-------- Data excerpt --------

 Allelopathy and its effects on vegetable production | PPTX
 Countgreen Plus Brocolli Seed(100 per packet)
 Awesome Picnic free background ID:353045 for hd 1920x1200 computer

--------

Task statement
For this exercise, all the data must be repeated exactly.

Solution to the problem
 Allelopathy and its effects on vegetable production | PPTX
 Countgreen Plus Brocolli Seed(100 per packet)
 Awesome Picnic free background ID:353045 for hd 1920x1200 computer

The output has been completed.